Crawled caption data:
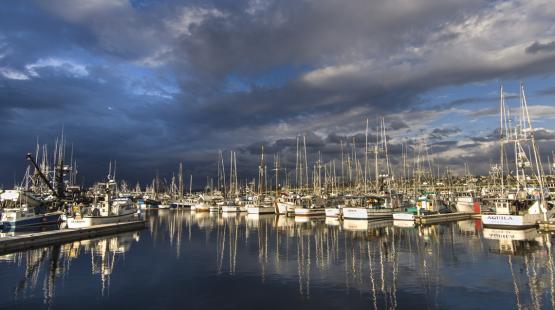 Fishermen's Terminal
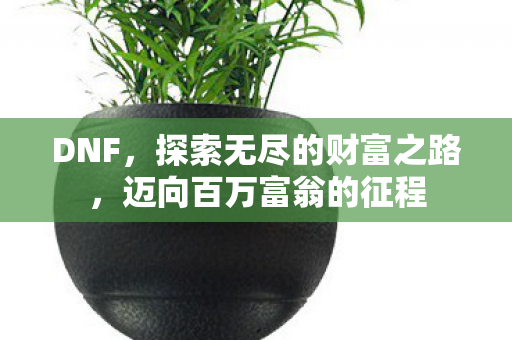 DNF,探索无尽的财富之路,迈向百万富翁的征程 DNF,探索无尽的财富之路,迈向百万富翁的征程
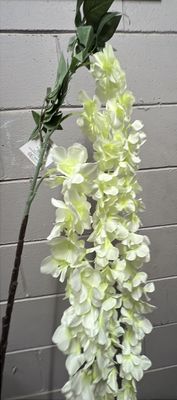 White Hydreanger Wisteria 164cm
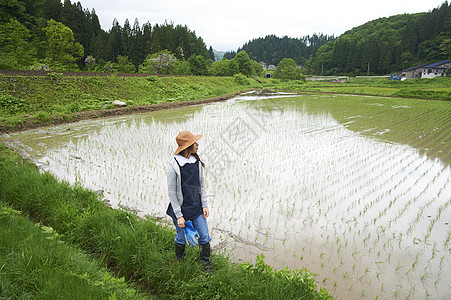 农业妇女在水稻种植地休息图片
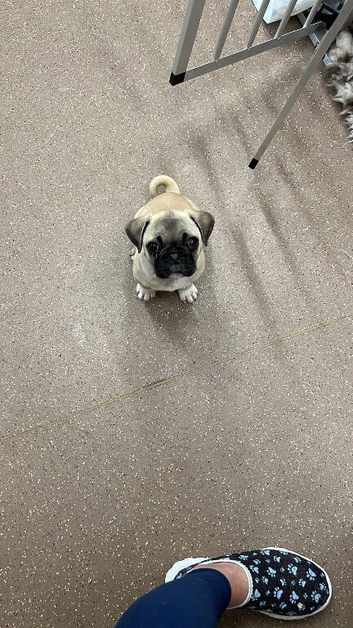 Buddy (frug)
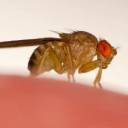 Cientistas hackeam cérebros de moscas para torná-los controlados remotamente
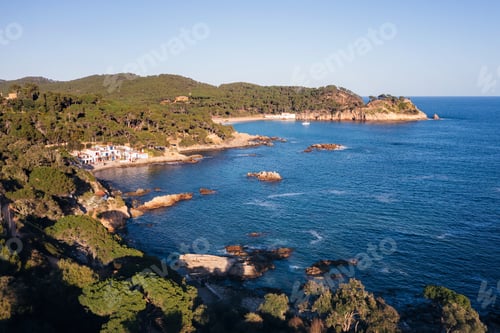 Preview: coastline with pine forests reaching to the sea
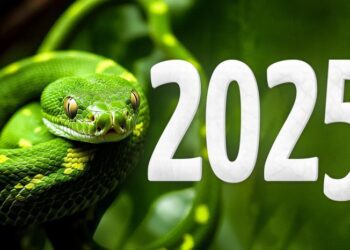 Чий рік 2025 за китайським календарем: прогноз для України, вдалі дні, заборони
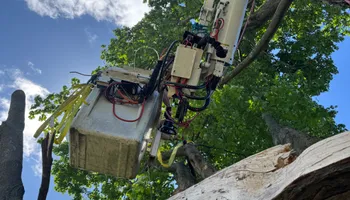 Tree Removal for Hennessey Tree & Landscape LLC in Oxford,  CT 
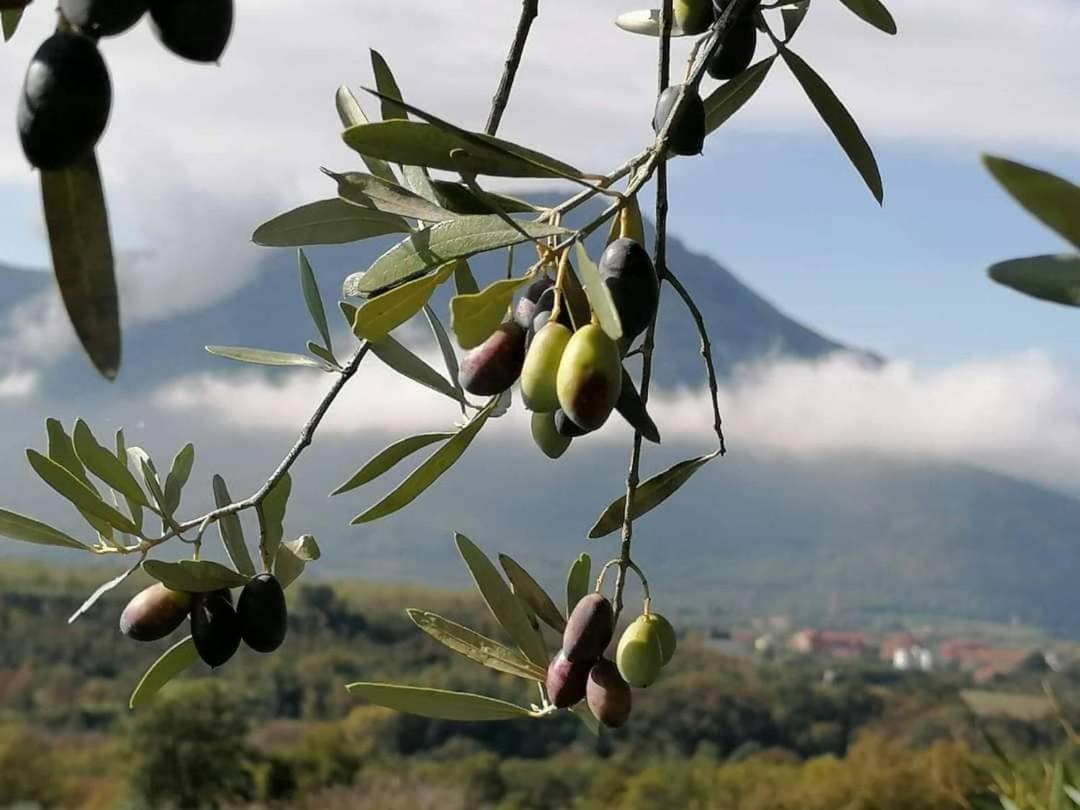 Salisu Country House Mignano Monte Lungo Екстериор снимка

**Work request**:
Each line above must be set down exactly, though no picture should be carried over.

**Your response**:
 Fishermen's Terminal
 DNF,探索无尽的财富之路,迈向百万富翁的征程 DNF,探索无尽的财富之路,迈向百万富翁的征程
 White Hydreanger Wisteria 164cm
 农业妇女在水稻种植地休息图片
 Buddy (frug)
 Cientistas hackeam cérebros de moscas para torná-los controlados remotamente
 Preview: coastline with pine forests reaching to the sea
 Чий рік 2025 за китайським календарем: прогноз для України, вдалі дні, заборони
 Tree Removal for Hennessey Tree & Landscape LLC in Oxford,  CT 
 Salisu Country House Mignano Monte Lungo Екстериор снимка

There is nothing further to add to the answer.